This painting shows the death of Major-General James Wolfe on the Plains of Abraham at the Battle of Quebec in 1759 during the Seven Years' War, known in the United States as the French and Indian War. Wolfe was killed by musket fire in the brief battle as he led the British forces to victory, setting in motion the conquest of Canada from the French. We see him lying on the battlefield as he is surrounded and comforted by a group of officers. His figure, creating the base of a pyramidal grouping that rises to the partially furled flag above, and his pale face are lit up with a Christ-like illumination, making him the visual and emotional center of the work. To the left a group of officers stand in attendance, conveying a distress reminiscent of depictions of the mourning of Christ. In the left foreground, a single Indigenous man sits, his chin in his hand, as if deep in thought.
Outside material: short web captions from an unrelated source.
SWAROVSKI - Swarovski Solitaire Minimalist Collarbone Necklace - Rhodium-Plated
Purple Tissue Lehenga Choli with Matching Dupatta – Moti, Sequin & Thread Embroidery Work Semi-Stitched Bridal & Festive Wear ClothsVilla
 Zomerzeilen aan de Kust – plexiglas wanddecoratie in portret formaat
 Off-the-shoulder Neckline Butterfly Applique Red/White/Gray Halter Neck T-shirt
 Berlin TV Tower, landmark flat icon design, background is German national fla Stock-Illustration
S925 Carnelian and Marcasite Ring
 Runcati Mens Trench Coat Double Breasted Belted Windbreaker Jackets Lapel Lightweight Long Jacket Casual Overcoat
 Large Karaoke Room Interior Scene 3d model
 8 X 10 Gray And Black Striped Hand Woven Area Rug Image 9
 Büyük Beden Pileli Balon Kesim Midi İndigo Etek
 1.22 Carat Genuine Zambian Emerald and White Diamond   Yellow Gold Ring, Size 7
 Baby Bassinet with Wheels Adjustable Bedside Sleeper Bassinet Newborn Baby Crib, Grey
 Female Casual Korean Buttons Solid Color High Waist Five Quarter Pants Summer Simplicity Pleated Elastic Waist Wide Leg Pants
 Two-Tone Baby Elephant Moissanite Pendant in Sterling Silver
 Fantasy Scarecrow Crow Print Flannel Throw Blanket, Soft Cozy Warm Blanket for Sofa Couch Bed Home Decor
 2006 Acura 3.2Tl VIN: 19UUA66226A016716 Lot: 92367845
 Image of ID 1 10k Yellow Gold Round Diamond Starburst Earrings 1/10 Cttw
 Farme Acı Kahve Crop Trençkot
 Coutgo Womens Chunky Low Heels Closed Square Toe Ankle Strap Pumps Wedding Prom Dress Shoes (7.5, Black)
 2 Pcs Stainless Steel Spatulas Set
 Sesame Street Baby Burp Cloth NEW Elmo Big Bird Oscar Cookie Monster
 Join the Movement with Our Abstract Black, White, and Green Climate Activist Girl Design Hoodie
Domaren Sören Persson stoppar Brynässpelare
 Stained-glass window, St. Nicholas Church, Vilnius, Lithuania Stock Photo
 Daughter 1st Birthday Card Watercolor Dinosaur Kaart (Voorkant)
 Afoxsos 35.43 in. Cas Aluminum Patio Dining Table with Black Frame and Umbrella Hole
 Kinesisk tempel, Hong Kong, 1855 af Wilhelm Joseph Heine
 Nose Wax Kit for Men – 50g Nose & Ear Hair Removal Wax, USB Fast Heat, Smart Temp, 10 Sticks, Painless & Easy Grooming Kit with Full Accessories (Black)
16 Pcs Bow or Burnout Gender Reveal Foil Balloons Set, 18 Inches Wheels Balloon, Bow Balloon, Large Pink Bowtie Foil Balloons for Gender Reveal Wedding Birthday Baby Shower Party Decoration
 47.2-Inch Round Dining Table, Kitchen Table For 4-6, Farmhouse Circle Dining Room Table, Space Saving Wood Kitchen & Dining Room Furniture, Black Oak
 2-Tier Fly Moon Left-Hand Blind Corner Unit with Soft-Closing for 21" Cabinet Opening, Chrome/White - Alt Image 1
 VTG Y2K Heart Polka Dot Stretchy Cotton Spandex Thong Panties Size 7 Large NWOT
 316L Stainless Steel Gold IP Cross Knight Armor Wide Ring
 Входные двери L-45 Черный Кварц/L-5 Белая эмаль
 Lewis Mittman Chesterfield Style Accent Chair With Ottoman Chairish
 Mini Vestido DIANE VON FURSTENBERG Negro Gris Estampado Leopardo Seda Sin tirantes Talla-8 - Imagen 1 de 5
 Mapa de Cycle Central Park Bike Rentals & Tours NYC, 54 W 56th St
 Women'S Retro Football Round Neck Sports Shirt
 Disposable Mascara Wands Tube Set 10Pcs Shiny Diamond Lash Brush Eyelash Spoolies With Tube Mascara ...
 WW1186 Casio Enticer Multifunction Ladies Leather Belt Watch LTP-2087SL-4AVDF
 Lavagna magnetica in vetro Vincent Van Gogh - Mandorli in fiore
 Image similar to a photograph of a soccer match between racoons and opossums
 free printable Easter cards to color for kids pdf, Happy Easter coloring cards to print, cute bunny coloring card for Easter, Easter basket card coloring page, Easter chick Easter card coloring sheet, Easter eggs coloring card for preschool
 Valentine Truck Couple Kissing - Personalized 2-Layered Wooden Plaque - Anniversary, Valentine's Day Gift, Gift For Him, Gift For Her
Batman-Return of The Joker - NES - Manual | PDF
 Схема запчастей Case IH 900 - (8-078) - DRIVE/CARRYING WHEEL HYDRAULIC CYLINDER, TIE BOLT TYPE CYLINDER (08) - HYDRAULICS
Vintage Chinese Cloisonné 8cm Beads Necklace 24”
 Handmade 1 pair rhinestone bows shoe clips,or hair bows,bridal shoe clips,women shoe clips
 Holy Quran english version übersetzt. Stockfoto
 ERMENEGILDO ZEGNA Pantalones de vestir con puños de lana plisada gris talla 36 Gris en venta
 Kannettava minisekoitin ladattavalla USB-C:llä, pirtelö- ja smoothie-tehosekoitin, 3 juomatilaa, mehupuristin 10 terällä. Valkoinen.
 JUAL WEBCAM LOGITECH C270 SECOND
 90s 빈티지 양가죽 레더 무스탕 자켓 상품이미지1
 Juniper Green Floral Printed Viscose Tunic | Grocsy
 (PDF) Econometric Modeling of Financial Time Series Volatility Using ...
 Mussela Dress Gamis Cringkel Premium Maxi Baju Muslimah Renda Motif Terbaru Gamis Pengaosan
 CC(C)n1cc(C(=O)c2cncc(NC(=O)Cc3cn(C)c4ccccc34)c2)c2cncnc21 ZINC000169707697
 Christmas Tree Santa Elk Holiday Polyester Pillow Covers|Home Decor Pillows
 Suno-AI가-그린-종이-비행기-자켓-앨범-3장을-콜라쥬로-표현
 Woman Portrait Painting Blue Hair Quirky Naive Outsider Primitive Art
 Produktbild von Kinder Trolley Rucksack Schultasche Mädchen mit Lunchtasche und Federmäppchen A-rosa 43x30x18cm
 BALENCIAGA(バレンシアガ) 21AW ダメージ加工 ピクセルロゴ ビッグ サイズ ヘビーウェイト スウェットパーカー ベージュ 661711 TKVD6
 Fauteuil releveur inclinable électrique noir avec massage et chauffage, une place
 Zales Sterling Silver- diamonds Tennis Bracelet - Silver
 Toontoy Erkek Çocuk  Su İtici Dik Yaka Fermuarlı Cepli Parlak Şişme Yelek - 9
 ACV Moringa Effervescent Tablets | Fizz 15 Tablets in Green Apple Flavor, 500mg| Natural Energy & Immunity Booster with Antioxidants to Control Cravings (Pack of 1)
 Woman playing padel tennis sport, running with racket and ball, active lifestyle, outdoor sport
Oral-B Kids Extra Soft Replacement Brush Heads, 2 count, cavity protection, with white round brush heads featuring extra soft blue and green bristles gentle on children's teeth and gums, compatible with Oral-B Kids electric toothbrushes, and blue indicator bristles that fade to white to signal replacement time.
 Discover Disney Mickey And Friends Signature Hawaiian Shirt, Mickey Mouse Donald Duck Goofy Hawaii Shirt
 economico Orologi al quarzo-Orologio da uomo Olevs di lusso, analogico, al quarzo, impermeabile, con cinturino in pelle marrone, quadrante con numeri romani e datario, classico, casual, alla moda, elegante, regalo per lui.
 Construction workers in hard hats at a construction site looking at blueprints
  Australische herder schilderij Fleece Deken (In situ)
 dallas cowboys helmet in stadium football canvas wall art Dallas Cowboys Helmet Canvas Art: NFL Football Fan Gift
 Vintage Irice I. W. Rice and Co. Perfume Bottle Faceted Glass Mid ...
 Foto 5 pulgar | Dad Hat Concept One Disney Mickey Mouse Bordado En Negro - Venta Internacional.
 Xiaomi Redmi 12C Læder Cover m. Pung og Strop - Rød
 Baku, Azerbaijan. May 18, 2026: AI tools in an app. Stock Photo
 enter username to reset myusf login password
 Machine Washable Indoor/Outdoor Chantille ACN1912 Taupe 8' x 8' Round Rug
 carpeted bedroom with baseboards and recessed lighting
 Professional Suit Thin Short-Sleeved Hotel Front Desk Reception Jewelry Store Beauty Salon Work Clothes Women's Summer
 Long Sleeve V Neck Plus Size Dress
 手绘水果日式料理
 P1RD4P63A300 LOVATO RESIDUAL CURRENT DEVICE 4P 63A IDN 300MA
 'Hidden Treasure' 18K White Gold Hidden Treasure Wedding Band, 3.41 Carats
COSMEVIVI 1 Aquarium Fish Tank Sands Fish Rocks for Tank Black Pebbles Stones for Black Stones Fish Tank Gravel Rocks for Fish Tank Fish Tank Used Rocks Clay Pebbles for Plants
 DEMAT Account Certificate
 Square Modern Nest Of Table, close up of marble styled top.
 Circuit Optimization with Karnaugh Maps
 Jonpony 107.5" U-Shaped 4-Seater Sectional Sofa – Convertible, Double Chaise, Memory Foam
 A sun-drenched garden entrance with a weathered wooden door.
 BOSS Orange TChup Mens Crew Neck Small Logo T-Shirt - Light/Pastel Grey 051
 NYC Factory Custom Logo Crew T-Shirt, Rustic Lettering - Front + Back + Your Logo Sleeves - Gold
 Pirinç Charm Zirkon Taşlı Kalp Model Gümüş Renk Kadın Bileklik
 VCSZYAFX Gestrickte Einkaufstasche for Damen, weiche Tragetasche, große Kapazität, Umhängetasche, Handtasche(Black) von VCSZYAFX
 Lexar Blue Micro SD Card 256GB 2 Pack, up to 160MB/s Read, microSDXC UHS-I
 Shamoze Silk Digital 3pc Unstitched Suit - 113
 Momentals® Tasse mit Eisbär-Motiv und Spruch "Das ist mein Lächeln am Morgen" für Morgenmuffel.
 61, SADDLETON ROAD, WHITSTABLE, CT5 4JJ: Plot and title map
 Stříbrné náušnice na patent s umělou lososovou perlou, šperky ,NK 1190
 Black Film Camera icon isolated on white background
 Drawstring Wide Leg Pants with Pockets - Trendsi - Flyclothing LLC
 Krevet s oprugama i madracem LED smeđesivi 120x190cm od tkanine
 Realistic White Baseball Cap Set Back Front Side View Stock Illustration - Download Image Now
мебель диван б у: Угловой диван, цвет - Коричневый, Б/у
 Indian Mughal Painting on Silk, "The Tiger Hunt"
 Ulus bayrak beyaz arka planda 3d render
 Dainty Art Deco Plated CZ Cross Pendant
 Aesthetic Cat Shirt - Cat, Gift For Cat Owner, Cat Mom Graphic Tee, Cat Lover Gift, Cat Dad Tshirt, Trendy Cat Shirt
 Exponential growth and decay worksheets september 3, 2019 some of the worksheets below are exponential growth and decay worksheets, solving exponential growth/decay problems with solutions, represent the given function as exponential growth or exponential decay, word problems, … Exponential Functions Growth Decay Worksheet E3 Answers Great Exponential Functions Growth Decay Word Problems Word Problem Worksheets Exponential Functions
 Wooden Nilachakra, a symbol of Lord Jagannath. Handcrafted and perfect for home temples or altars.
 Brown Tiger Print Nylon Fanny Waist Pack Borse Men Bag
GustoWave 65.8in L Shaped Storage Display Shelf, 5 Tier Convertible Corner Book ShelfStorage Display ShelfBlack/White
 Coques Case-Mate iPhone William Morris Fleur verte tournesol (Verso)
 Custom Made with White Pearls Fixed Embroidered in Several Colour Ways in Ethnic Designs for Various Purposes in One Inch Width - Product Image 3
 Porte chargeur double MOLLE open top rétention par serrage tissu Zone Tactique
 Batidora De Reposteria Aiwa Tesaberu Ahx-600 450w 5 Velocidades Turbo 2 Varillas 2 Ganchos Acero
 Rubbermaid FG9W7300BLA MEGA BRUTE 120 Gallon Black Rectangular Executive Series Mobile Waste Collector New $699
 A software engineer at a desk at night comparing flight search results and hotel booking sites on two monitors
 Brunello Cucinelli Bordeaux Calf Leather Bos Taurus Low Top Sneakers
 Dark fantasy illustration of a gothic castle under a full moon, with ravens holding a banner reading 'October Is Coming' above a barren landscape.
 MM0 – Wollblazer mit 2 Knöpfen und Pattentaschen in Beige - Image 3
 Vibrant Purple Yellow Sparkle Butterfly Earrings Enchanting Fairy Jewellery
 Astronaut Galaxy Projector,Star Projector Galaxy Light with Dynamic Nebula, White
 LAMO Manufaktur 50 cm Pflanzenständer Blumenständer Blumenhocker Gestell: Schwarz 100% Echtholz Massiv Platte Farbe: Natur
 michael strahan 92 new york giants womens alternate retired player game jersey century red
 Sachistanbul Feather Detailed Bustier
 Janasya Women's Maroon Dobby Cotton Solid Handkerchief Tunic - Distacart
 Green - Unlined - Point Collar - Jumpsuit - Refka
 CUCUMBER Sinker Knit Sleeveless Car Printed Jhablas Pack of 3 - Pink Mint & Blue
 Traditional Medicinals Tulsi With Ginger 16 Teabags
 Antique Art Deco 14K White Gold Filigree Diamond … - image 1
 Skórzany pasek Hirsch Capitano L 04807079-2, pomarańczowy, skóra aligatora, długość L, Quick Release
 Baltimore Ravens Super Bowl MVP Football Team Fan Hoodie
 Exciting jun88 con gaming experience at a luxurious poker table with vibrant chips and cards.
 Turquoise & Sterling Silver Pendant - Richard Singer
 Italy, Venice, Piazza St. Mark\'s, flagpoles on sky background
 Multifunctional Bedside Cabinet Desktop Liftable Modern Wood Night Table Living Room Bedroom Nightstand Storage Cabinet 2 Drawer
Two more officers on the right frame the scene, while in the background the opposing forces mill, and black smoke from the battlefield and storm clouds converge around the intersecting diagonal of the flag. A sense of drama is conveyed as the battle ends with a singular heroic sacrifice.
A number of officers are identifiable, as Captain Harvey Smythe holds Wolfe's arm, Dr. Thomas Hinde tries to staunch the general's bleeding, and Lieutenant Colonel Simon Fraser of the 78th Fraser Highlanders is shown in his company's tartan. While these identifiable portraits created a sense of accuracy and historical importance, almost all of them were not at the scene, and their inclusion reflects the artist's intention to compose an iconic image of a British hero. The Indigenous warrior has attracted much scholarly interpretation, including the argument that he represents the noble savage, a concept advanced by the French philosopher Jean-Jacques Rousseau who extolled the simpler and therefore nobler character of "primitive" peoples. At the same time, his inclusion also places the scene firmly within the New World, for the artist has carefully selected all the significant elements. For instance, in the background a British soldier is racing toward the group, as he carries the captured French flag. As historian Robert A. Bromley wrote, the overall effect is "so natural...and they come so near to the truth of the history, that they are almost true, and yet not one of them is true in fact."
West innovatively reinterpreted the historical painting by depicting a contemporary scene and clothing his figures in contemporary garb. Sir Joshua Reynolds, along with other notable artists and patrons, urged the artist to depict the figures in classical Roman clothing to lend the event greater dignity, but West replied, "The same truth that guides the pen of the historian should govern the pencil of the artist." Infuriated at Wolfe's use of contemporary clothing, King George III declined to purchase the work, and the artist, subsequently, gave it to the Royal Academy where it became widely popular. William Woollett's engravings of the painting found an international audience, and West was commissioned to paint four more copies of the painting. The work, influencing the movement of many artists toward contemporary history painting, paved the way for David's Oath of the Tennis Court (1791) and John Trumbull's Declaration of Independence (1787-1819). Its cultural influence continued well into the modern era, as, during the British Empire, as historian Graeme Wynn noted it, "became the most powerful icon of an intensely symbolic triumph for British imperialism," and in 1921 the British donated the work to Canada in recognition of their service in World War I.